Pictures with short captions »
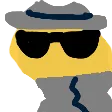 Spo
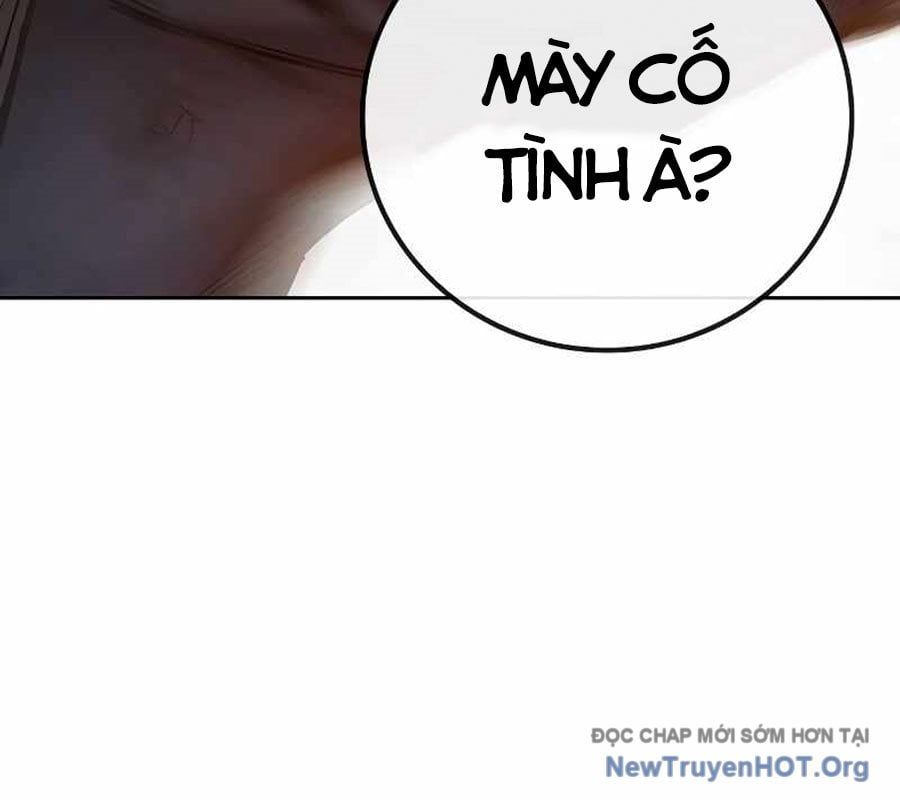 đọc truyện Nhà Tù Vị Thành Niên Chương 58 ảnh 274 tại Thiên Thai Truyện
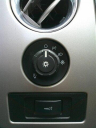 Thumbnail image of 2011 Ford F-150 at Good Car Company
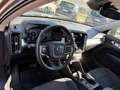 Volvo XC40 XC40 1.5 t4 phev Inscription Expression auto my21 Bronze - thumbnail 6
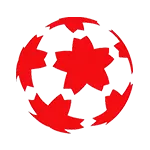 Emperor Cup logo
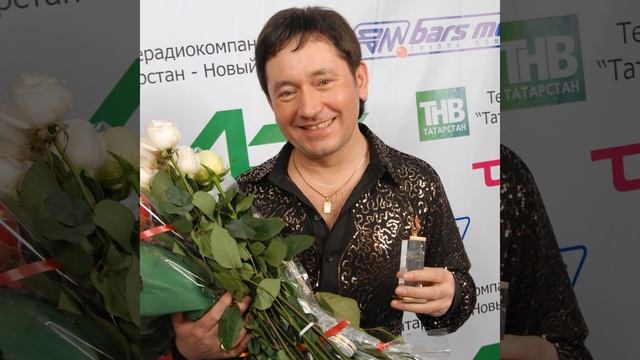 Sin bashkanyn behete смотреть онлайн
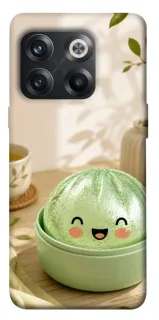 Чохол на OnePlus 10T Dumpling ver.3 фото 1 з 1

Directions for this task »
An exact restatement of the lines from the one holding "Volvo XC40 XC40" through the end of the entries, both ends included, is the whole answer. Pictures stay out.

Solution for this task »
 Volvo XC40 XC40 1.5 t4 phev Inscription Expression auto my21 Bronze - thumbnail 6
 Emperor Cup logo
 Sin bashkanyn behete смотреть онлайн
 Чохол на OnePlus 10T Dumpling ver.3 фото 1 з 1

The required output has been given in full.